Use TiDB Lightning to restore full data

  1. Edit the tidb-lightning.toml file to import full data backed up using Dumpling from s3://my-bucket/sql-backup to the target TiDB cluster:

    1. [lightning]
    2. # log
    3. level = "info"
    4. file = "tidb-lightning.log"
    5. [tikv-importer]
    6. # "local": Default backend. The local backend is recommended to import large volumes of data (1 TiB or more). During the import, the target TiDB cluster cannot provide any service.
    7. # "tidb": The "tidb" backend is recommended to import data less than 1 TiB. During the import, the target TiDB cluster can provide service normally. For more information on the backends, refer to https://docs.pingcap.com/tidb/stable/tidb-lightning-backends.
    8. backend = "local"
    9. # Sets the temporary storage directory for the sorted Key-Value files. The directory must be empty, and the storage space must be greater than the size of the dataset to be imported. For better import performance, it is recommended to use a directory different from `data-source-dir` and use flash storage, which can use I/O exclusively.
    10. sorted-kv-dir = "${sorted-kv-dir}"
    11. [mydumper]
    12. # The data source directory. The same directory where Dumpling exports data in "Use Dumpling to back up full data".
    13. data-source-dir = "${data-path}" # A local path or S3 path. For example, 's3://my-bucket/sql-backup'
    14. [tidb]
    15. # The target TiDB cluster information.
    16. host = ${host} # e.g.: 172.16.32.1
    17. port = ${port} # e.g.: 4000
    18. user = "${user_name}" # e.g.: "root"
    19. password = "${password}" # e.g.: "rootroot"
    20. status-port = ${status-port} # During the import, TiDB Lightning needs to obtain the table schema information from the TiDB status port. e.g.: 10080
    21. pd-addr = "${ip}:${port}" # The address of the PD cluster, e.g.: 172.16.31.3:2379. TiDB Lightning obtains some information from PD. When backend = "local", you must specify status-port and pd-addr correctly. Otherwise, the import will be abnormal.

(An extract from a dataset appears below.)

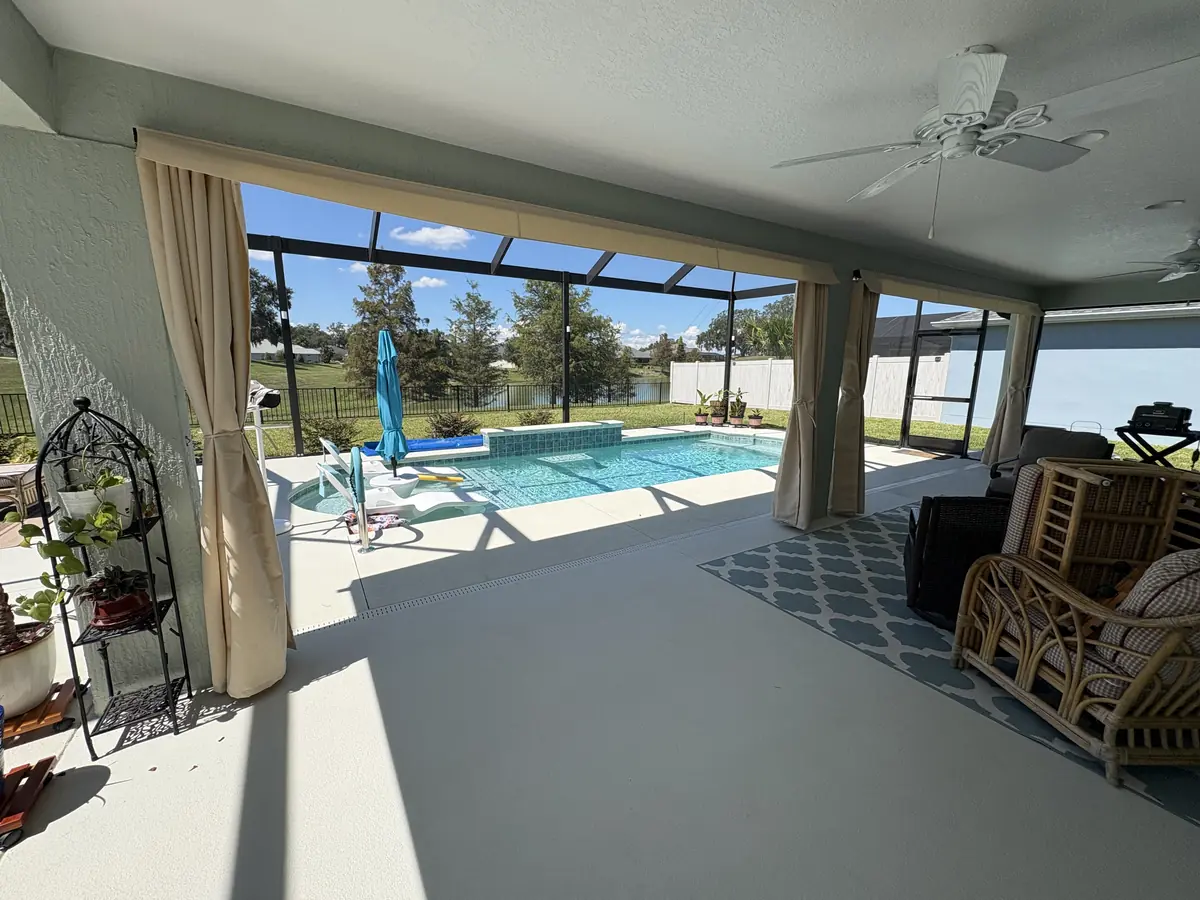 Cream tie-back privacy curtains on a covered lanai overlooking a pool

    For more information on TiDB Lightning configuration, refer to TiDB Lightning Configuration.

  2. Start the import by running tidb-lightning. If you launch the program directly in the command line, the process might exit unexpectedly after receiving a SIGHUP signal. In this case, it is recommended to run the program using a nohup or screen tool. For example:

    If you import data from S3, pass the SecretKey and AccessKey that have access to the S3 storage path as environment variables to the TiDB Lightning node. You can also read the credentials from ~/.aws/credentials.

    1. export AWS_ACCESS_KEY_ID=${access_key}
    2. export AWS_SECRET_ACCESS_KEY=${secret_key}
    3. nohup tiup tidb-lightning -config tidb-lightning.toml > nohup.out 2>&1 &
  3. After the import starts, you can grep the keyword progress in the log to check the progress of the import. The progress is updated every 5 minutes by default.

  4. After TiDB Lightning completes the import, it exits automatically. Check whether tidb-lightning.log contains the whole procedure completed in the last lines. If yes, the import is successful. If no, the import encounters an error. Address the error as instructed in the error message.

Back up and Restore Data Using Dumpling and TiDB Lightning - 图1

Note

Whether the import is successful or not, the last line of the log shows tidb lightning exit. It means that TiDB Lightning exits normally, but does not necessarily mean that the import is successful.

If the import fails, refer to TiDB Lightning FAQ for troubleshooting.